Allocutions

      

Allez à Jésus en vous oubliant vous-mêmes

Allocution du 20 décembre 1895
pour la profession des Pères Peychaud, Ozanam, Letellier

Mes chers amis, quand le bon Dieu veut agir, il fait les choses tout différemment que ne le fait l'esprit des hommes. Il faut vous convaincre de cette vérité, avant d'entreprendre d'être religieux. Notre-Seigneur est venu au monde dans l'époque la plus glorieuse du règne de l'empereur Auguste. Les aigles romaines étaient victorieuses de toutes parts. L'Empire Romain avait subjugué le monde. Le gouvernement romain était représenté en Judée par des hommes qui n'étaient point sans valeur. Il y avait des savants, des hommes habiles, des hommes influents, des hommes riches et puissants. Et voilà que dans un pays perdu, au milieu des rochers, dans une misérable étable qui servait aux bergers pour y abriter leurs troupeaux pendant la pluie et le mauvais temps, voilà qu'au milieu de la nuit, dans le silence et l'obscurité, naît un petit enfant.

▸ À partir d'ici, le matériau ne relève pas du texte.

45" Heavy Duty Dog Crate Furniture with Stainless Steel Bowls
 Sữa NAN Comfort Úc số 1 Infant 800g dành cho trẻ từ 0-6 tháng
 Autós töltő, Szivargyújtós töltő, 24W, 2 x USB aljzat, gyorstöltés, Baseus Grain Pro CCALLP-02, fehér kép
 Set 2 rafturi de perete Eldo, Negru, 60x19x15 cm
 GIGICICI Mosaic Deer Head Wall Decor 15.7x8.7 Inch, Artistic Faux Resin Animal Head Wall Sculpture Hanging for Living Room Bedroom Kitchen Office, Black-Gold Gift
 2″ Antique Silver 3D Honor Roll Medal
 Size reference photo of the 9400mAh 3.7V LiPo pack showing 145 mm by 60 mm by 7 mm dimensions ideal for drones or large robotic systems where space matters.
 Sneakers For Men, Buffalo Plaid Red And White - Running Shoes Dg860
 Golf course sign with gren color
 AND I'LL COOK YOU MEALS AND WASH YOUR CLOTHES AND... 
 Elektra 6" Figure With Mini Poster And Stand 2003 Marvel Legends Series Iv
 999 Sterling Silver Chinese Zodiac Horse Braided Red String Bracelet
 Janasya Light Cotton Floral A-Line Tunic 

Qu'est-ce que ce petit enfant en regard de l'univers, en face de la puissance romaine, au milieu de tant de gens d'influence et d'action? Il n’est rien. Il passe inaperçu. Et pourtant, il est le Sauveur! Qu'est-ce qu'est devenu l'Empire Romain? Il n'en reste plus que des souvenirs. Et le petit enfant, il est partout aujourd'hui: il règne sur les intelligences et les cœurs. Son œuvre s'appelle l'Eglise. Voilà le mystère de Noël, le mystère de Jésus-Christ tout entier. Des moyens humains, des ressources humaines, il n'en fait aucun cas. Toute la toute puissance divine qui agit à travers son infirmité humaine a seule tout accompli.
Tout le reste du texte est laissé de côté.